« Amour confirmé, passage créé : c’est la Pâque de Jésus ! »

Retraite de Pâques autrement

Jeudi saint

Seigneur notre Dieu,
en ce jour où nous faisons mémoire du dernier repas
que Jésus a partagé avec ses amis
et dont il fit le sacrement de l’Alliance éternelle,
augmente notre désir de participer à Sa Pâque,
et accorde à tous les humains d’entrer dans la plénitude de vie
par Jésus Christ, ton Fils, notre Seigneur.
Amen

Introduction à la liturgie

Jeudi saint – une journée concentrant plusieurs mouvements

Nous proclamons ta mort, Seigneur Jésus ; nous célébrons ta Résurrection : nous attendons ta venue dans la gloire 

Une fête se prépare : La Pâque juive, fête de la libération de l’esclavage par Dieu qui voit la souffrance de son peuple. La tradition chrétienne a fait coïncider le dernier repas de Jésus et de ses disciples avec le séder, c’est-à-dire le repas qui est au centre de la Pâque juive.

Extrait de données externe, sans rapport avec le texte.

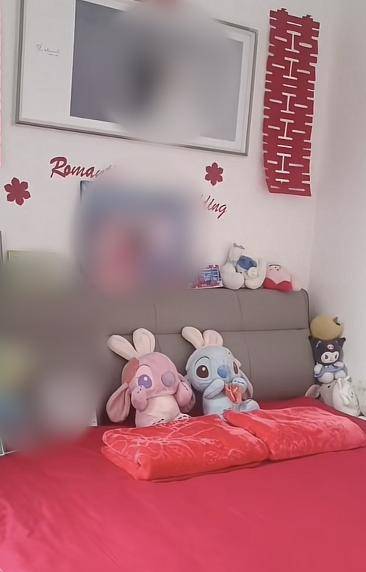 监控曝光！运城一男子因前女友拒复合持刀闯入家中，女子哥哥在家门口遇害，案件将开庭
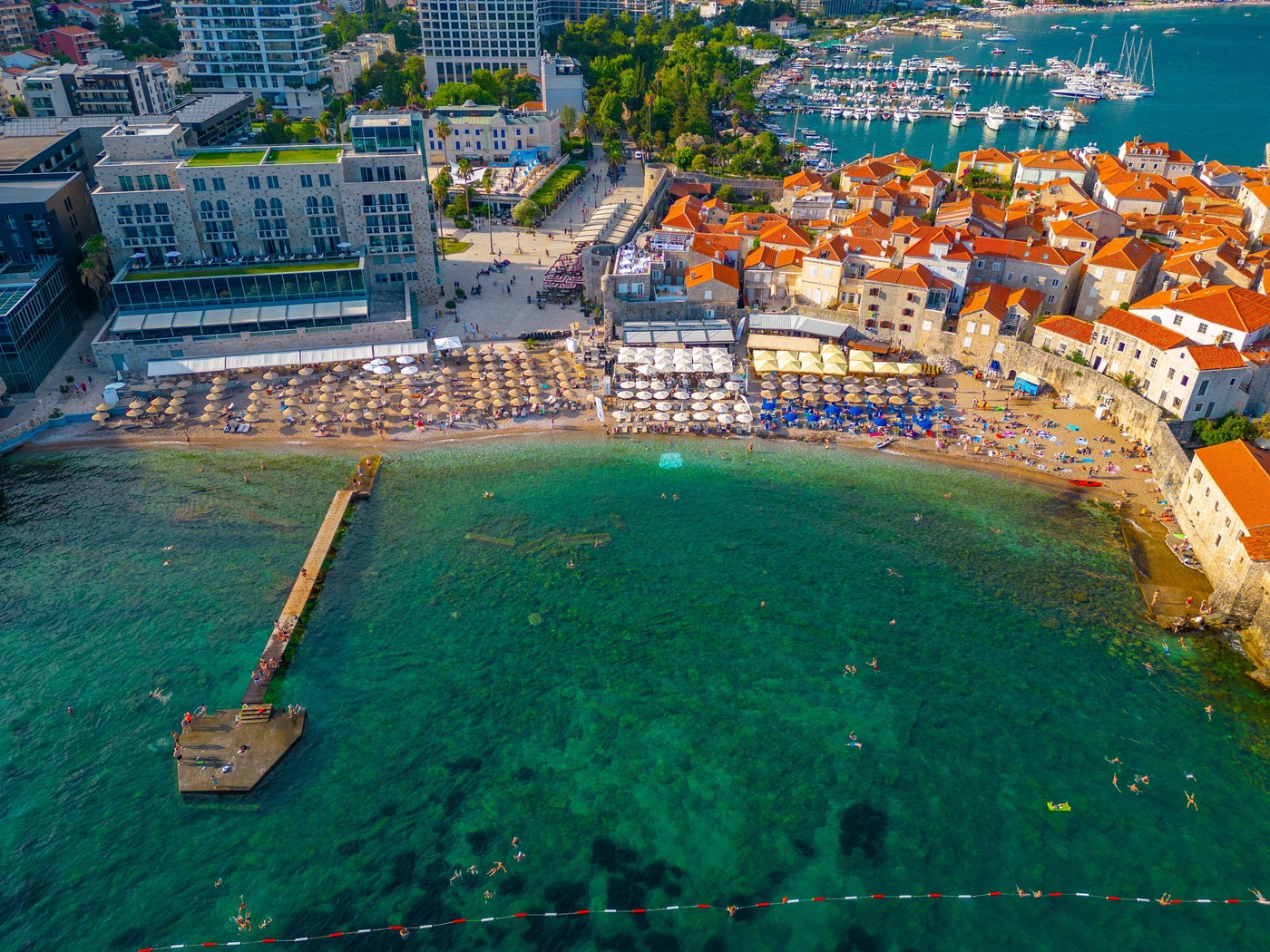 Cât costă un șezlong în Muntenegru în vara lui 2025. Prețurile pe plajele din Budva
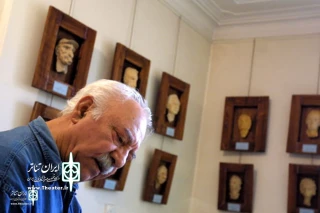 Ardeshir SalehPoor:

Nosrat Karimi was Iran's oldest puppet artist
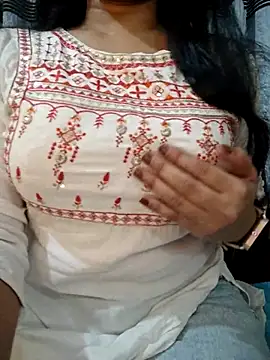 Snapshot of Rina777o chatting on 16, 4, 2026 Rina777o online show from 16, 4, 2026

C’est une journée d’adieu : Jésus vit son dernier jour avec ses disciples, partage avec eux son dernier repas, dernière Pâque qu’ils célèbrent ensemble.

Jésus donne son héritage :

  • L’Eucharistie où il se livre pour toujours à ses proches sous la forme du pain et du vin
  • Le lavement des pieds où il pose les fondements de toute communauté chrétienne : l’amour fraternel et le service mutuel, à la suite de Jésus qui est lui-même amour et service
  • Les discours d’adieu (Jn 14-18a) où il console et fortifie ses disciples – promesse de sa présence, sous une autre forme, jusqu’à la fin des temps

Jésus se révèle le serviteur souffrant :
L’ambiance de fête se change en angoisse. Lui, qui était le maître, devient impuissant, livré à l’ignorance et à la méchanceté des détenteurs du pouvoir. En fin de journée, à l’heure de son arrestation, Jésus lutte à Gethsémani. Par amour il se livre tout entier entre les mains d’une humanité qui ne comprend pas, qui ne voit pas.

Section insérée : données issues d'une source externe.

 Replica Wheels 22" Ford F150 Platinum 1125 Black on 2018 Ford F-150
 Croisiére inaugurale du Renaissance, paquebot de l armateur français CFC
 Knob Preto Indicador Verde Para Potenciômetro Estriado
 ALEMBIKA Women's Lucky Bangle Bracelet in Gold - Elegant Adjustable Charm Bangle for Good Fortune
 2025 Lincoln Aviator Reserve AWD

La liturgie suit ces mouvements :

  • La prière du matin rappelle à la fois la fête de la Pâque en Deutéronome et la préparation du repas pascal que Jésus va vivre avec ses disciples. Déjà la passion s’annonce dans les psaumes et la lecture des lamentations de Jérémie : « Jérusalem, Jérusalem, reviens au Seigneur ton Dieu ».
  • A midi nous faisons mémoire du lavement des pieds.
  • Le soir, avant la célébration à la chapelle, nous prenons en communauté un repas qui rappelle le séder et nous lisons la péricope de la sortie d’Egypte en Ex 12,1-15
  • La célébration de 19h00 commence avec le psaume 136 (qui clôt traditionnellement le seder) – pont entre deux réalités qui s’entremêlent : la Pâque juive et l’institution de l’Eucharistie sur laquelle nous mettons maintenant l’accent.
    Mais comment faire mémoire de l’institution de l’Eucharistie dans un temps où nous en sommes privés ? Avec un moment de prière silencieuse après le chant « Je vous laisse ma paix » accompagnant le geste de paix : adoration silencieuse devant la réalité du cadeau que Jésus nous a fait, dans Sa présence toujours offerte. Mémorial eucharistique que nous achevons par une prière d’action de grâce.    
  • Vient alors un moment charnière où le ton de la célébration change : tandis que nous chantons le Psaume 22 (cité par Jésus au moment de sa mort), nous « dépouillons » la chapelle. Les signes de fête sont enlevés : la nappe blanche sur l’autel, les fleurs. Dans une semi-obscurité où seul un lumignon est laissé, nous suivons Jésus et ses disciples à Gethsémani.
  • La lecture des discours d’adieu (environ 30 minutes après la célébration) et le chant « Meine Seele ist zu Tode betrübt » (« Mon âme est triste à en mourir ») ouvrent ensuite sur une nuit de prière.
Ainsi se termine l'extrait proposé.